I challenge the reader to find any softness in Lululemon's (LULU) fiscal 1Q19 results.
After Wednesday's closing bell, the sports apparel vendor and retailer posted its ninth straight all-around beat. Revenues of $782 million topped expectations by a respectable $27 million on a healthy combination of outstanding total comps and inorganic growth driven by new store openings. EPS of $0.74 was also ahead of estimates, rising an impressive 33% YOY.
Credit: NY Post
Lululemon seems to be faced with an encouraging combination of resilient demand for women's tops and bottoms along with very strong growth prospects in menswear, digital sales and the international business (especially in Asia). Direct to consumer revenues have now surpassed one-fourth of total sales, a positive development given general consumer behavior trends.
See comp chart below. Notice that the metric has been descending progressively over the past few quarters. But I find a 16% read in the most recent period on top of an already strong 19% last year, highly respectable.

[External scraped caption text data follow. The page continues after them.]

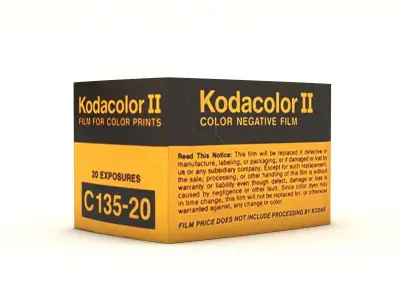 1977 Kodacolor II C 135-20 Color Negative Film Box 3D model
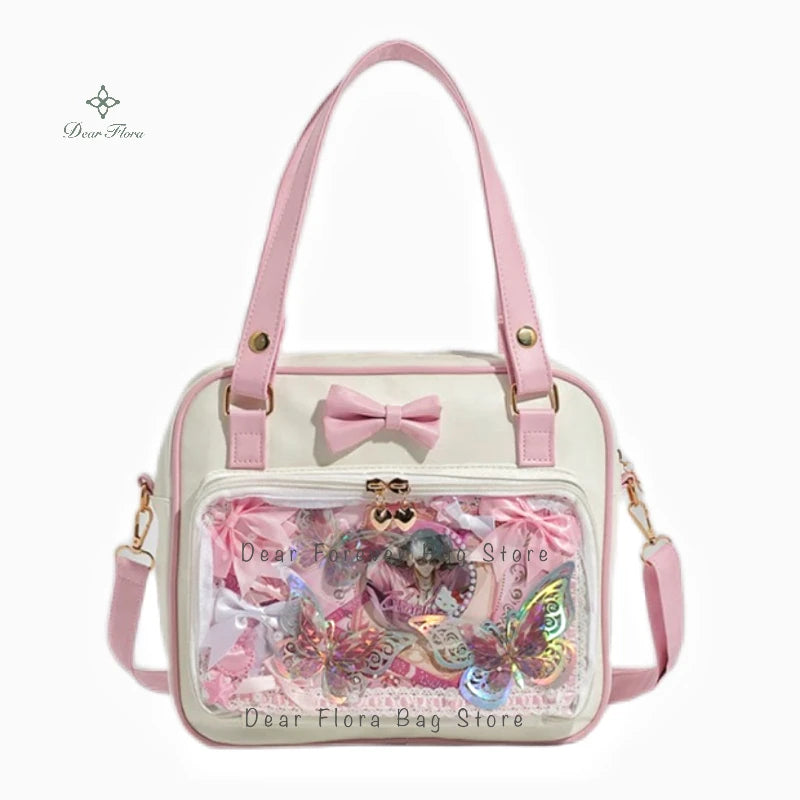 Bolso Ita Y2K Rosa con Lazo Rosa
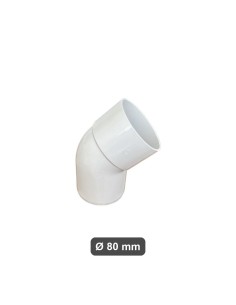 Curva per pluviale Ø 80 mm 45° colore bianco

Source: DM Martins Research, using data from multiple company reports
I was also impressed to see gross margin expand by 85 bps, driven primarily by lower cost of goods and subdued discount activity - despite higher supply chain costs. Opex as a percentage of revenues increased by about 40 bps. But the management team assured analysts during the earnings call that the trend is likely to reverse to strong SG&A leverage in the back half of the current year. The optimism was reflected in full-year EPS guidance, higher by three cents vs. last quarter's outlook, which I still find a bit too conservative.
See summarized P&L below:
Source: DM Martins Research, using data from company reports
I was also pleased to hear Lululemon's strategy to deal with current trade challenges. Although only 6% of the company's inventory is sourced from China, port capacity could have an adverse impact on the fall collection reaching customers in a timely fashion.
To that effect, the company is planning on hedging the transportation issues by using more air freight. The impact of a handful of cents to full-year EPS does not seem too concerning to me. At least, Lululemon's growth story is less likely to be impacted by supply chain bottlenecks in the next few quarters.
On the stock
Back in August, when I last wrote about LULU, I recognized the company's impressive execution, following an early 2017 that looked concerning for the athleisure company. But I also played contrarian and supported the idea that the stock looked a bit too overpriced at a current-year earnings multiple of 44x that proved to be close to peak valuation levels.
Now, I am once again dazzled by the results of fiscal 1Q19 and the outlook for the remainder of the year. Luckily, valuation looks a bit more de-risked at a P/E of 38.5x (still rich for most value investors) and long-term PEG of 2.2x that seems reasonable for a high-quality name. Between current levels and a share price of $220, I see a clear runway ahead.
Sure, LULU's stock has recovered from a very soft 4Q18 and risen 41% YTD already. But I cannot imagine momentum fizzling out in the foreseeable future, following the positive news delivered after the closing bell and the bullish sell-side reports that I believe will start pouring in on Thursday morning.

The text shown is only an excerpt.